▸ **WHAT TO DO**: What lines in the data hold the string "online"? Show them.
(Beginning of DATA PROVIDED)
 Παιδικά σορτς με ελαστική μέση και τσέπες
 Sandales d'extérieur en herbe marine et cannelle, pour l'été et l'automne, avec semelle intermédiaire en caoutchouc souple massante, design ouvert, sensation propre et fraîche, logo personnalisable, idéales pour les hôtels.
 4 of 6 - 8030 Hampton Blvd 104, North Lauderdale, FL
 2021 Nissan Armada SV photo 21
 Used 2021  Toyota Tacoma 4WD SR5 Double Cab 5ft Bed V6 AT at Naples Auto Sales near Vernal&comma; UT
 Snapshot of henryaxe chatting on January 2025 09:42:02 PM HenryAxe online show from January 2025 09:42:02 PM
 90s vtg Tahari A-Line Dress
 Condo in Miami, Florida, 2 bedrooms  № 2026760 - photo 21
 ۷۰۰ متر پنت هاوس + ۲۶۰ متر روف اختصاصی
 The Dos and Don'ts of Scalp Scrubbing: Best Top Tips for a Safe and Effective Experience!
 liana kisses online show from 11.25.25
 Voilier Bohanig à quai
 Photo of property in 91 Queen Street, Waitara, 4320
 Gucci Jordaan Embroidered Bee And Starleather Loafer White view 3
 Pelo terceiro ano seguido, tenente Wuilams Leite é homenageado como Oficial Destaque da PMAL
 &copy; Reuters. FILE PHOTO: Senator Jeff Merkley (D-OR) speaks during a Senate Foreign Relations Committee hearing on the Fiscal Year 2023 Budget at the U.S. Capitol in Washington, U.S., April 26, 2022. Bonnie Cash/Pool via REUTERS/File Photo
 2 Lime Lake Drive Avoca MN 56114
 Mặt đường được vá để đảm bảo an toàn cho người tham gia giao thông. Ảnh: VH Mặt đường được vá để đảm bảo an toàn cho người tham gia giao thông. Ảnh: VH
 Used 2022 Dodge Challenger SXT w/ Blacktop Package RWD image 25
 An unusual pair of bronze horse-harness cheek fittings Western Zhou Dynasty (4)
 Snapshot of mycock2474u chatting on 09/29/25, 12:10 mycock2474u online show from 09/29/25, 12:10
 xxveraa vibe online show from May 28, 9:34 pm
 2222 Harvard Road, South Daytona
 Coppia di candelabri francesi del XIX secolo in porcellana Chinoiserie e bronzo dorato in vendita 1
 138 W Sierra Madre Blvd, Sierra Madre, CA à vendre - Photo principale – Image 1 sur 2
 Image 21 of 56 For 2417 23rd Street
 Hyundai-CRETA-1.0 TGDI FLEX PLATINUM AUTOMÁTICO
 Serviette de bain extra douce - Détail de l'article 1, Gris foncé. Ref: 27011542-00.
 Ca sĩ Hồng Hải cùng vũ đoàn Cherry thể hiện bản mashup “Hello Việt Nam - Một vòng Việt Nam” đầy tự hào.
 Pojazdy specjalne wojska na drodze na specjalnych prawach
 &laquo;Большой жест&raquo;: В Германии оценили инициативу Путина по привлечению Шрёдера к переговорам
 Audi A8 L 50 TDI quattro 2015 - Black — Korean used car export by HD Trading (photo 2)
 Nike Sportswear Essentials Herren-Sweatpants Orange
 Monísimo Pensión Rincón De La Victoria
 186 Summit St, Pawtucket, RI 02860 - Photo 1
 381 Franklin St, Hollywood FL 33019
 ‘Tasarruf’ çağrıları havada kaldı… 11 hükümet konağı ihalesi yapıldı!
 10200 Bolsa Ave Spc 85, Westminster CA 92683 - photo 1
(End of DATA PROVIDED)
▸ **RESULT BELOW**:
 Snapshot of henryaxe chatting on January 2025 09:42:02 PM HenryAxe online show from January 2025 09:42:02 PM
 liana kisses online show from 11.25.25
 Snapshot of mycock2474u chatting on 09/29/25, 12:10 mycock2474u online show from 09/29/25, 12:10
 xxveraa vibe online show from May 28, 9:34 pm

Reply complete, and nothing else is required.